Comments (5)
i probably need to evaluate the mysql fulltext syntax/behaviour once again.
If i remember correctly, removing the +
led to strange mysql results sometimes (imo).
That said, adding an option to remove it wouldn't break things for anyone.
However, the option would probably be an all-or-nothing one, such that you can only fully disable all +
operators.
from search_cop.
Hi, thanks for your feedback!
There is no stop word handling implemented within search_cop currently and no DMBS related code regarding stopwords either. So, if MySQL isn't handling the stopwords properly, you first need to double-check the MySQL docs to fix it (if possible). I'd guess the +
operators prevent MySQL from removing them, but the +
operators are neccessary and can't be removed.
Personally, i don't want the DMBS/Searchengine/etc. to handle synonyms/stopwords/etc, as this often fails short when i18n or multi-word synonyms/stopwords are desired. Thus, i would do synonym/stopword mapping before passing the query to search cop as well.

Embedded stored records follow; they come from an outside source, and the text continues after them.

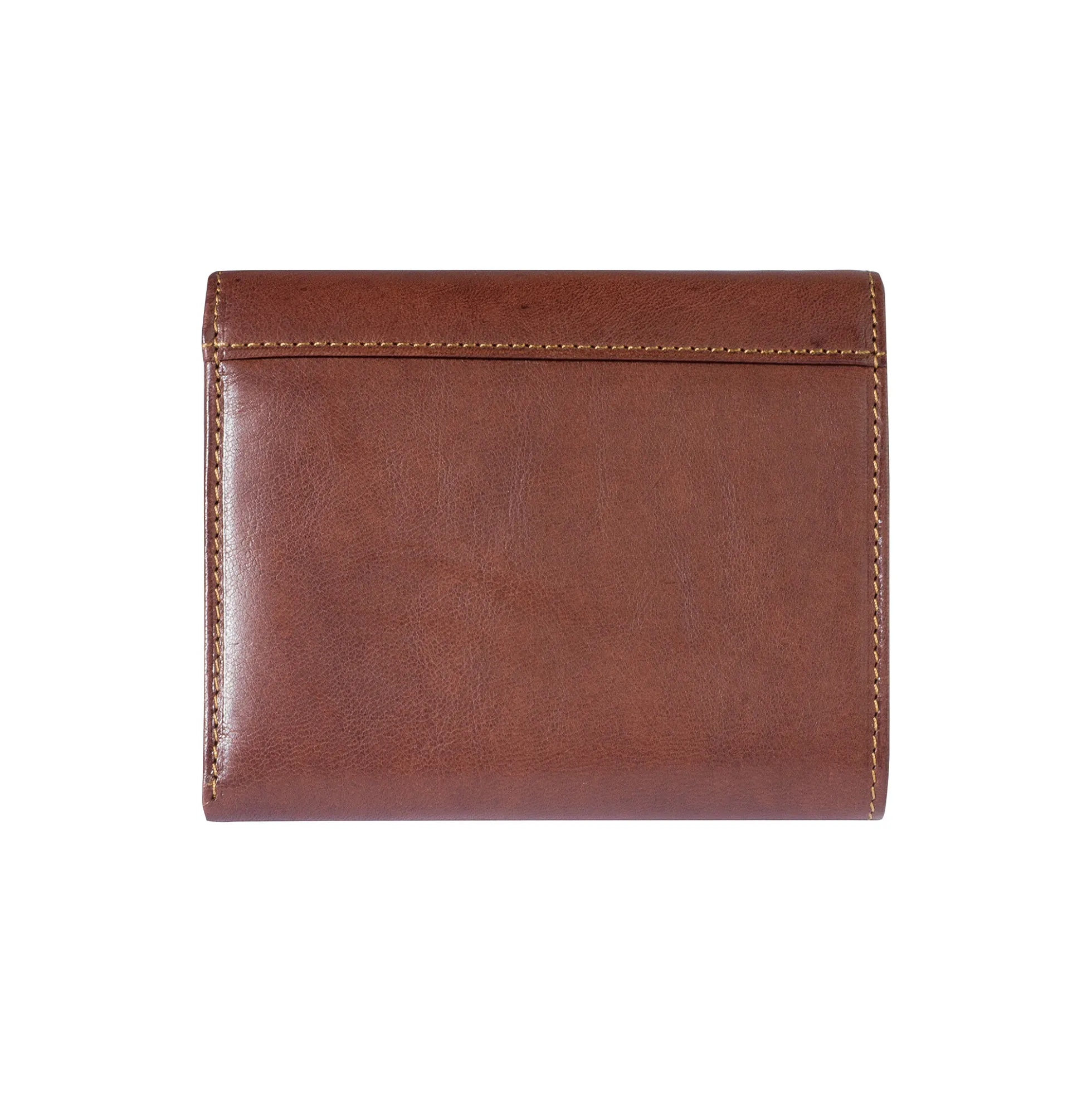 3 Fold Wallet, dark brown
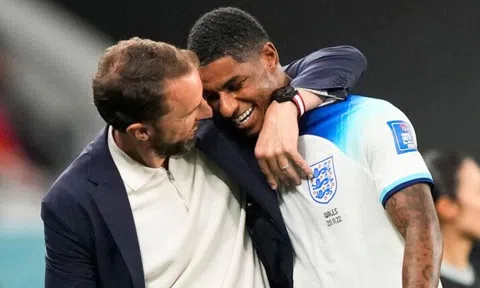 Rashford lên tiếng sau khi bị Southgate loại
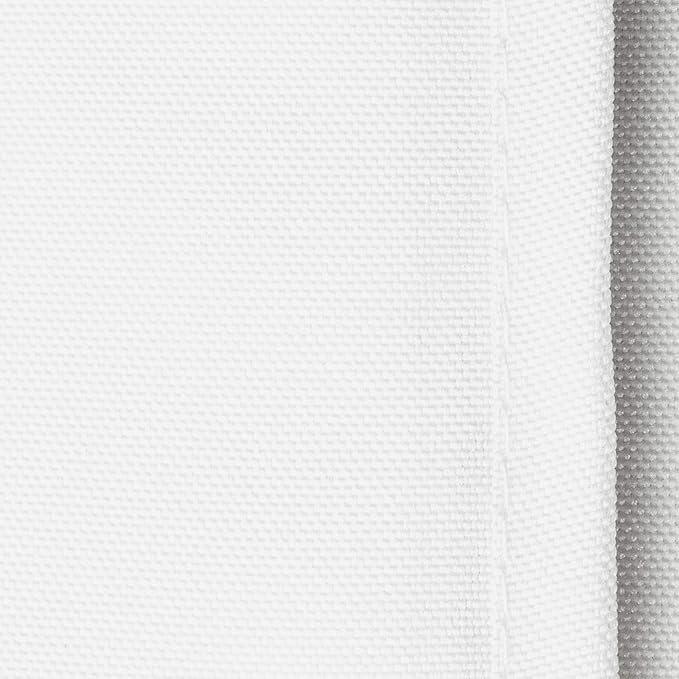 Polyester Tablecloths, 132-Inch Round White, Pack of 10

However, search_cop maybe could provide a synoym/stopword mapping engine:
search_scope :search do
attributes :title, :description
stopwords do |phrase|
redis.sismember("stopwords:en", phrase)
end
end
such that phrase
will be removed from the query in case the stopword is member of the redis stopword set for english. However, maybe you could double check the MySQL docs and document you findings first.
from search_cop.
I'd guess the
+
operators prevent MySQL from removing them
That's correct. The search query entered is in this example is stranger in a strange land
. The same query done in SQL without the +
preceding the stopwords works fine.
mysql> SELECT artifact_name, title FROM `posts` WHERE ((MATCH(`posts`.`artifact_name`, `posts`.`title`, `posts`.`body`) AGAINST('+stranger in a +strange' IN BOOLEAN MODE)));
+----------------------------+----------------------------------------------------------------------+
| artifact_name | title |
+----------------------------+----------------------------------------------------------------------+
| Stranger in a Strange Land | You can't copy the driver without indexing the back-end SSL circuit! |
| Stranger in a Strange Land | Digitized incremental challenge. |
+----------------------------+----------------------------------------------------------------------+
2 rows in set (0.01 sec)
However, search_cop maybe could provide a synoym/stopword mapping engine:
Agreed. Some sort of an optional pull in makes sense as different users may have different needs. It would certainly be very helpful if the users could simply set it up.
At the moment I have fixed it as below in the application controller code as shown below.
@posts = Post.search(remove_stopwords(params[:search][:query]))
# Private method much later ....
# SELECT * FROM INFORMATION_SCHEMA.INNODB_FT_DEFAULT_STOPWORD;
STOP_WORDS = %w{ a about an are as at be by com de en for from how i
in is it la of on or that the this to was what when where who will
with und the www }.freeze
def remove_stopwords(query)
words = query.split(/\s+/).select do |w|
(w.length >= 3) && (w.length <= 84) && !STOP_WORDS.include?(w)
end
words.join(' ')
end
Regarding the length checks above, The MySQL manual here has a note for InnoDB stating:
By default, words less than 3 characters in length or greater than 84 characters in length do not appear in an InnoDB full-text search index.
So, if the user were to put in x
, it would become +x
and cause the search to fail even though it's not a stop word. Hence, the length checks.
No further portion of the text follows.